For all that can be found lacking in Skinner’s interpretation of the psyche, there are contributions which should be acknowledged. First, it behooves the introspective individual (even though Skinner would deny the notion that one could be introspective) to consider just how much of an impact the environment has on one’s behaviors and psyche. The empirical evidence championed by the behaviorist most certainly points to the reinforcers and social contingencies which effect the way an individual behaves every day. Practice often lags behind principle for this very reason. A sinner saved by grace does not automatically stop being a sinner; the Bible acknowledges this time and again with constant admonitions to keep one’s social environment free from influences that guide the individual into ungodly behavior. While behavior modification is not the supreme goal of sanctification, it does play a role and the behaviorist perspective can have a place in helping the Christian to tackle that role in an organized manner.
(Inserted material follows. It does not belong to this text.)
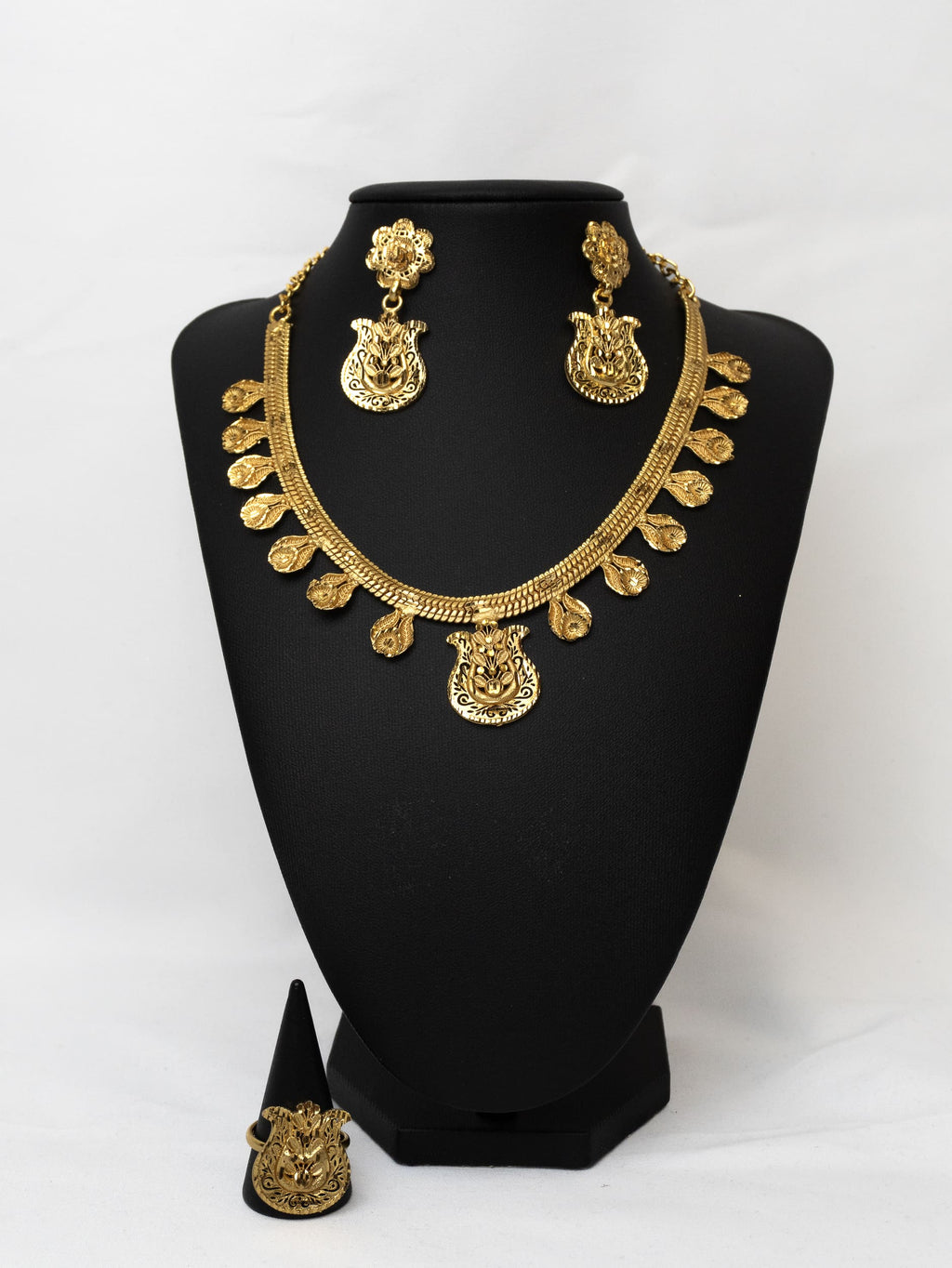 Parure Alma - or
Second, and again by way of empirical evidence, Skinner makes a brief but profound implication which should cause the Christian to ponder his relationship with the rest of creation: “Traditional theories of autonomous man have exaggerated species differences. Some of the complex contingencies of reinforcement now under investigation generate behavior in lower organisms which, if the subjects were human, would traditionally be said to involve higher mental processes” . Skinner of course is making an argument that human beings do not have mental processes higher than any other creature, saying earlier, “…whereas the traditional view supports Hamlet’s exclamation, ‘How like a god!,’ Pavlov, the behavioral scientist, emphasized ‘How like a dog!’” . The position being set forth in this paper is the inverse of Skinner’s; man does indeed possess higher mental processes, but he may not be the only creature that does.